Les transferts illicites sur les DEEE représentent environ 20 % des flux suivis par le ministère ces dernières années. Dans la plupart des cas, il s’agissait de transferts vers des pays tiers, sous couvert d’équipements électriques et électroniques (EEE) d’occasion (via notamment le port d’Anvers).

Chaque année, les équipes du ministère traitent ainsi entre 30 et 40 affaires de transferts illicites de DEEE, dont la très grande majorité est orientée vers des pays non européens. La plupart de ces affaires ont été repérées grâce à la coordination mise en place par le ministère de l’Environnement avec les services des Douanes et les services d’inspection de nos voisins européens.

Par ailleurs, la filière à Responsabilité élargie du producteur (REP) mise en place en France ainsi qu’une vigilance particulière des forces de contrôles sur le respect du cadre et réglementaire relatifs aux D3E placent notre pays parmi les États membres les plus engagés dans la lutte contre ces transferts, notamment au niveau des ports.

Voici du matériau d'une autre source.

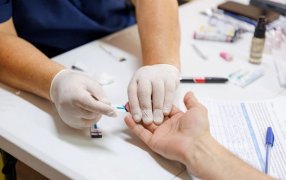 Mes Azul: Promover la salud integral masculina a través de la prevención y los controles periódicos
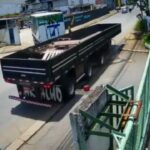 [動画1:53] 逃げ出したトレーラー、別のトラックにグシャッ！！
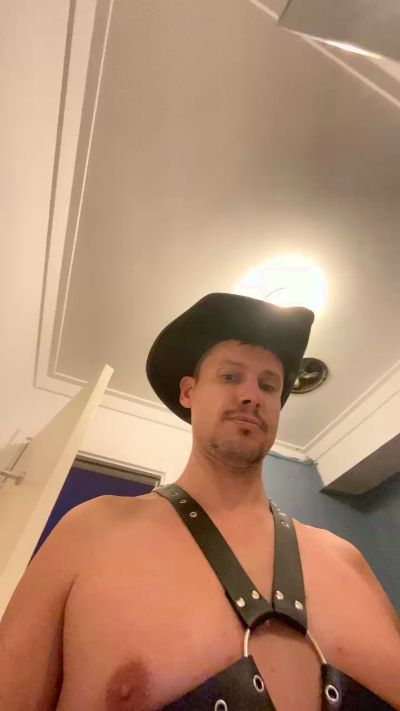 jonjonespwns live from Australia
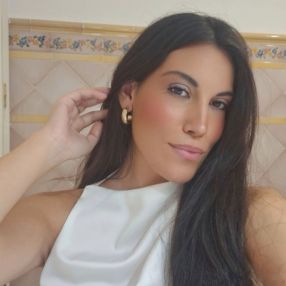 Lucia, Babysitter in El Viso del Alcor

Véhicules hors d’usage (VHU)

Les transferts illicites recensés par la France en 2018 et 2019 montrent des flux de transferts illicites de VHU et/ou de pièces issues de VHU (y compris les pneumatiques usagés) vers l’Afrique, l’Inde et Madagascar. En moyenne ces dernières années, les VHU représentaient 20 % des transferts illicites suivis par le ministère.

Concernant les pneumatiques usagés, un important travail en lien avec les professionnels du recyclage de ces déchets a permis de cadrer réglementairement le transfert de pneumatiques usagés ayant fait l’objet d’une préparation en vue de leur réutilisation.

L’objectif est de définir notamment les modalités techniques permettant de remettre sur le marché certains pneumatiques usagés collectés.